__Excerpted records__.

Content starts

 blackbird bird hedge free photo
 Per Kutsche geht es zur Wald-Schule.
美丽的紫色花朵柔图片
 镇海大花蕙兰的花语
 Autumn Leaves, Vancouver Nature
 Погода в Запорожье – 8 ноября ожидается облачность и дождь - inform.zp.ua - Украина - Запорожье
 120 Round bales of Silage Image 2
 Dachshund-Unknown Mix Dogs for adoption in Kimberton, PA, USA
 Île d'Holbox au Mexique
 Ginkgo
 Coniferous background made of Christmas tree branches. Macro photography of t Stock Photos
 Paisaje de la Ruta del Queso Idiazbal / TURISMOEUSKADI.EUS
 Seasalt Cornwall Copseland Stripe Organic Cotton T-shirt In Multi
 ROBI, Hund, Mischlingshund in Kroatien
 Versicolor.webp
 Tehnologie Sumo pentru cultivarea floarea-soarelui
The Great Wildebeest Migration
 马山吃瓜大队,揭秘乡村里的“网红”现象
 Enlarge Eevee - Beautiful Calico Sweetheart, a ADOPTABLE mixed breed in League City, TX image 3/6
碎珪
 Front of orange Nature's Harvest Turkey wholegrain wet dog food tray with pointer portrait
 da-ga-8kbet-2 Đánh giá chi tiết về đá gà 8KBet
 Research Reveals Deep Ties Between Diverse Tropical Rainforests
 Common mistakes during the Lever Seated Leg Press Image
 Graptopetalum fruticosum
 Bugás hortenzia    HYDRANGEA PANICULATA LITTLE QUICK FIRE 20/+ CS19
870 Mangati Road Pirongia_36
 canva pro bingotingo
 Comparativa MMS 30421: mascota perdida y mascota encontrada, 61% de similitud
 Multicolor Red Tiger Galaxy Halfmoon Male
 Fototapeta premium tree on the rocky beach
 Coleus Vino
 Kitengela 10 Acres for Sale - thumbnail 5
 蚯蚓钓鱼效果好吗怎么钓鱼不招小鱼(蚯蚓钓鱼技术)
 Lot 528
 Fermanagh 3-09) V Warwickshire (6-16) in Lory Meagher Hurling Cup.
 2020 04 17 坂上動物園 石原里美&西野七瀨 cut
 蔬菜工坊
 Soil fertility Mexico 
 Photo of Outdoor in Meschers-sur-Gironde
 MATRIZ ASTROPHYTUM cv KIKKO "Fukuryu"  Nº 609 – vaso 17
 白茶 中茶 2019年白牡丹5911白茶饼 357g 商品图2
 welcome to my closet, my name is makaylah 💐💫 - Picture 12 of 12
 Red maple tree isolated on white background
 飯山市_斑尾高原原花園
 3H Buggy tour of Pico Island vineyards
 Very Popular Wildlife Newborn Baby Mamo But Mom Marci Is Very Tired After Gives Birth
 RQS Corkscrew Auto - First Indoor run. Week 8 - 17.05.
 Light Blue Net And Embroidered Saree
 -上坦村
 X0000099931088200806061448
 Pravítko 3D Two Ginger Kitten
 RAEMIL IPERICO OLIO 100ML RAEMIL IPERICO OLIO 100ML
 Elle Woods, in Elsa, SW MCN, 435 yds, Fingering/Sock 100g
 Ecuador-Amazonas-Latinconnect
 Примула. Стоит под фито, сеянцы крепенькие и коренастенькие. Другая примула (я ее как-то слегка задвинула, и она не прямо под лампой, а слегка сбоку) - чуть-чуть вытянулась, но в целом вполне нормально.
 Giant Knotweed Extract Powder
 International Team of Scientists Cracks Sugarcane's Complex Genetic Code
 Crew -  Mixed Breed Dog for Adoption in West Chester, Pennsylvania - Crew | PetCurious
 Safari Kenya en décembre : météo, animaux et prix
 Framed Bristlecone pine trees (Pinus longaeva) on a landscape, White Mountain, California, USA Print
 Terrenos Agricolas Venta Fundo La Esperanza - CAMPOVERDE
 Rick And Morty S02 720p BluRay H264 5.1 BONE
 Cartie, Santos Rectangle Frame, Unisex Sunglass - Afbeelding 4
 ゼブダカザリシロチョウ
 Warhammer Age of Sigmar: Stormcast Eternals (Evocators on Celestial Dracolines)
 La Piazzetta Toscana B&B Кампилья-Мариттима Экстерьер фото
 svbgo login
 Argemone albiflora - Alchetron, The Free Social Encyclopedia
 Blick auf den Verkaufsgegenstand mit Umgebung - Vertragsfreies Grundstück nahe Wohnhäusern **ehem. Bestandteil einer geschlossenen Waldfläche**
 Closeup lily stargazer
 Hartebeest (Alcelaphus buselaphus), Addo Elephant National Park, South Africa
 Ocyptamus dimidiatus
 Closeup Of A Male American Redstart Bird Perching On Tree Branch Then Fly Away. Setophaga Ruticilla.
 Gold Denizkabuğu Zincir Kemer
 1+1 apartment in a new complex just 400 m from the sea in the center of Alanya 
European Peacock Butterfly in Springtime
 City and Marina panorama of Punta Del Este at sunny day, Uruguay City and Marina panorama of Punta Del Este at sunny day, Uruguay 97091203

Content ends

__Your assignment__. Retype only this range exactly: the first line of the data through the line where "Comparativa MMS 30421: mascota" appears.

__Exercise output__.
 blackbird bird hedge free photo
 Per Kutsche geht es zur Wald-Schule.
美丽的紫色花朵柔图片
 镇海大花蕙兰的花语
 Autumn Leaves, Vancouver Nature
 Погода в Запорожье – 8 ноября ожидается облачность и дождь - inform.zp.ua - Украина - Запорожье
 120 Round bales of Silage Image 2
 Dachshund-Unknown Mix Dogs for adoption in Kimberton, PA, USA
 Île d'Holbox au Mexique
 Ginkgo
 Coniferous background made of Christmas tree branches. Macro photography of t Stock Photos
 Paisaje de la Ruta del Queso Idiazbal / TURISMOEUSKADI.EUS
 Seasalt Cornwall Copseland Stripe Organic Cotton T-shirt In Multi
 ROBI, Hund, Mischlingshund in Kroatien
 Versicolor.webp
 Tehnologie Sumo pentru cultivarea floarea-soarelui
The Great Wildebeest Migration
 马山吃瓜大队,揭秘乡村里的“网红”现象
 Enlarge Eevee - Beautiful Calico Sweetheart, a ADOPTABLE mixed breed in League City, TX image 3/6
碎珪
 Front of orange Nature's Harvest Turkey wholegrain wet dog food tray with pointer portrait
 da-ga-8kbet-2 Đánh giá chi tiết về đá gà 8KBet
 Research Reveals Deep Ties Between Diverse Tropical Rainforests
 Common mistakes during the Lever Seated Leg Press Image
 Graptopetalum fruticosum
 Bugás hortenzia    HYDRANGEA PANICULATA LITTLE QUICK FIRE 20/+ CS19
870 Mangati Road Pirongia_36
 canva pro bingotingo
 Comparativa MMS 30421: mascota perdida y mascota encontrada, 61% de similitud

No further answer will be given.